Thomas Jefferson’s Virginia estate Monticello in summer. Jefferson designed and built Monticello. It is a fine example of early Classical Revival style. Credit: Shutterstock – IS 1587209701

Unless one is an architecture buff, most people are probably not aware of the Brutalism style of architecture which Trump has been decrying and has hoped to replace with the Jeffersonian classical and neoclassical styles.

Brutalism arrived in the 1960s. It relies heavily on the use of concrete because it was considered durable and economical and conceptually it represented the stability of America. Buildings exemplifying brutalism include the Hubert H. Humphrey Department of Health and Human Services Office building (pictured here), the Frances Perkins Department of Labor Building, and Robert C. Weaver Department of Housing and Urban Development Building to name a few.

A prime example of brutalist architecture. The Hubert H. Humphrey Building, Washington, D.C. (below).

In 1962, Daniel Patrick Moynihan (long-time Democrat U.S. Senator from New York) wrote a paper calling for guiding principles for design excellence in federal architecture which is still in use. Trump wants to reshape this policy to include traditional and classical styles of American architecture.

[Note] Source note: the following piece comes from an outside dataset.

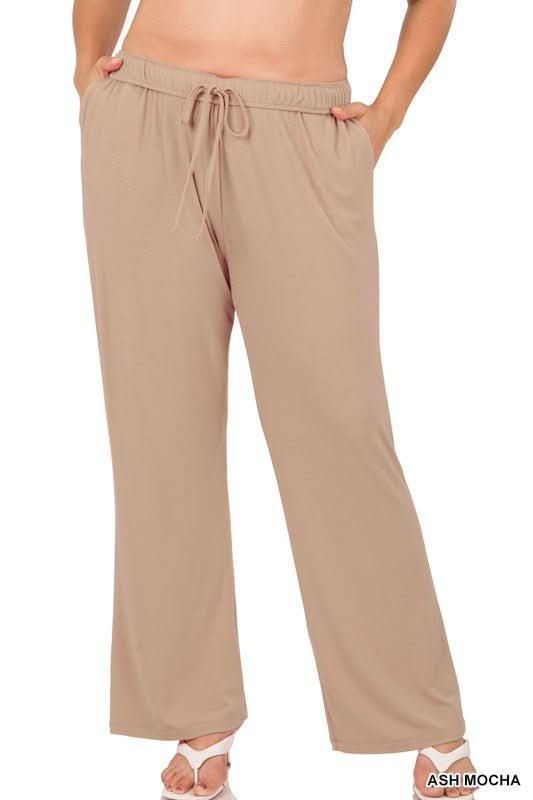 Plus Drawstring Lounge Pants - Wear and Wander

In his paper, Moynihan proposed that federal spaces should be modernized to accommodate the use of newly emerging building materials and the technologies of the day. Moynihan went along with this prevailing design mode and it became the default architectural style for many buildings around D.C. There are so many buildings that fit this style that visitors to D.C. can take a tour of brutalist buildings should they so desire. Sixty years later, Donald J. Trump, a builder by trade, decided it was time to rethink Moynihan’s then-modernist approach to federal spaces.

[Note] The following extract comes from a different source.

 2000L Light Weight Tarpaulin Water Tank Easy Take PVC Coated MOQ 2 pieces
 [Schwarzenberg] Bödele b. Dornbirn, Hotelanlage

In his draft executive order from February 2019, Trump referred to these federal office spaces as “aesthetic failures.” His latest order establishes that the preferred style for new federal buildings in the classical architectural style but it did not ban other styles for federal spaces from being built as the first order had proposed.

Even though brutalist architecture had fallen out of favor with today’s architects only to be replaced in many instances by deconstructionist architecture, the architectural elite still banded together when the draft order was first circulated to protest Trump’s desire to return to the classical American architecture. In a letter signed by architects who belonged to various architectural trade associations they intimated that the president’s idea ‘is a decree that harks back to the days of Hitler in Germany.’

Trump emphasizes that “the federal government has largely stopped building beautiful buildings. In Washington, D.C. federal architecture has become a discordant mixture of classical and modernist designs.”

Newer buildings which are not necessarily of the brutalist style of the 1960s but nevertheless Trump feels have ‘little aesthetic appeal…and have not reintegrated our national values into Federal buildings’ are the U.S. Courthouse in Austin, Texas; the Wilkie D. Ferguson, Jr. U.S. Courthouse in Miami, Florida; and the San Francisco Federal Building. All are examples of ugly architecture according to Donald Trump.

The Austin U.S. Federal Courthouse. It replaced an Art Deco style New Deal court house. Credit: Mack Scogin Merrill Elam Architects (top) and (bottom) Once considered a monstrosity, the Eisenhower Executive Office Building in D.C. was patterned after French Second Empire architecture. Credit: Shutterstock 499897750

Understandably, this order did not garner much media attention because it comes in the last days of his administration which is consumed by a post-election legal battle.

The National Review weighed in when the draft order was issued and sided with Trump saying, ‘Ignore the critics: President Trump’s federal architecture executive order is a great step toward restoring beauty in government buildings.’

Today, as The New York Times reported, “The new rule was supported by the National Civic Art Society, a nonprofit group.” The group’s head Justin Shubow said of the order, “President Trump is to be applauded for inaugurating a literally beautiful new era in federal architecture. Overturning the modernist hegemony that has given us dismal government buildings for over sixty [sic] years, the order gives the American people what they want in federal design.”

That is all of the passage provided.